JACKSONVILLE, Fla. – U.S. air travel returned mostly to normal Thursday, a day after a computer system that sends safety information to pilots broke down and grounded traffic from coast to coast.
By early afternoon Thursday on the East Coast, about 100 flights had been canceled and 1,700 delayed — much lower figures than on Wednesday, when more than 1,300 flights were scrubbed and 11,000 delayed.
But attention turned to the federal agency whose technology failure inconvenienced millions of travelers.
The Federal Aviation Administration said a damaged database file appeared to have caused the outage in the safety-alert system. Transportation Secretary Pete Buttigieg promised a thorough examination to avoid another major failure.
Canada also experienced a similar failure with its flight safety system, although officials say there does not appear to be a connection with the U.S. failure. Canada’s Notice to Air Mission system, which provides last-minute alerts and warnings to pilots, experienced an outage Wednesday, around the same time U.S. flights were grounded for the first time since Sept. 11, 2001.
NAV Canada tweeted that its “entry system is currently experiencing an outage affecting newly issued NOTAMS, and we are working to restore function. We are not currently experiencing any delays related to this outage.”

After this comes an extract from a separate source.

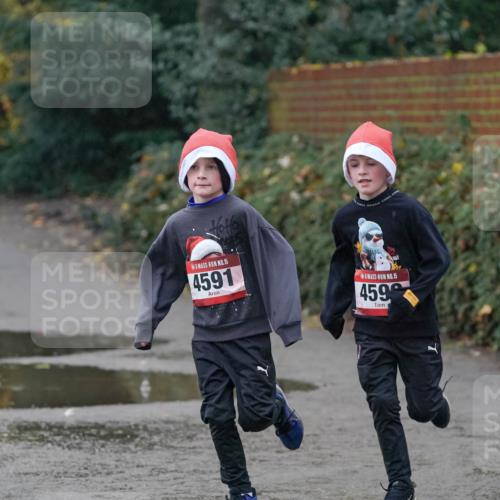07.12.2025 - St. Pauli X-Mass-Run No. 15 Michael Burmester http://msf.ph/oto/9415649 07.12.2025 10:20:22 Laufen 15, 4591, 15, 459 meine-sportfotos.de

U.S. flight passengers weren’t as lucky.
The Notice to Air Mission, or NOTAM, system that crashed has been criticized for years, and at least one aviation industry has called for it to be replaced altogether. The FAA said the problem was likely a damaged database file, saying there was no evidence yet of any cyberattack.
“I have been flying for 45 years now, and I do not recall this ever happening,” said aviation expert and pilot Ed Booth.
Booth showed News4JAX Wednesday’s warning on his NOTAM system, which says NOTAM data may not be current due to a U.S. NOTAM service interruption. A recheck of data prior to departure may be warranted.
“They may not be up to date, so I don’t say the system is fixed,” Booth said.
Critics say the FAA has been underfunded and needs to modernize its technology. Buttigieg says action will be taken.
“The FAA will continue its work to further pinpoint the sources of this issue and steps to prevent it from occurring again,” he tweeted.
At my direction, FAA is continuing its system review. Preliminary work has traced the issue to a damaged database file, with no evidence of a cyber attack.— Secretary Pete Buttigieg (@SecretaryPete) January 11, 2023
FAA will continue its work to further pinpoint the sources of this issue and steps to prevent it from occurring again.
At Jacksonville International Airport on Thursday, it was business as usual, according to airport officials.
“We’d consider it a return to normal, but we encourage all of our travelers to check with your airlines before you come because there are still some flights that are delayed,” said Jacksonville Aviation Authority Vice President Michael Stewart.
But at other airports across the country and the globe, the effects of Wednesday’s no-fly order were still being felt.
“Other airports are still having some problems because there’s a triple effect that happens when you have a major disruption,” Stewart said.
Senate Commerce Committee Chair Maria Cantell said that a congressional panel will be looking into what caused the outage and how redundance plays a role in preventing future outages.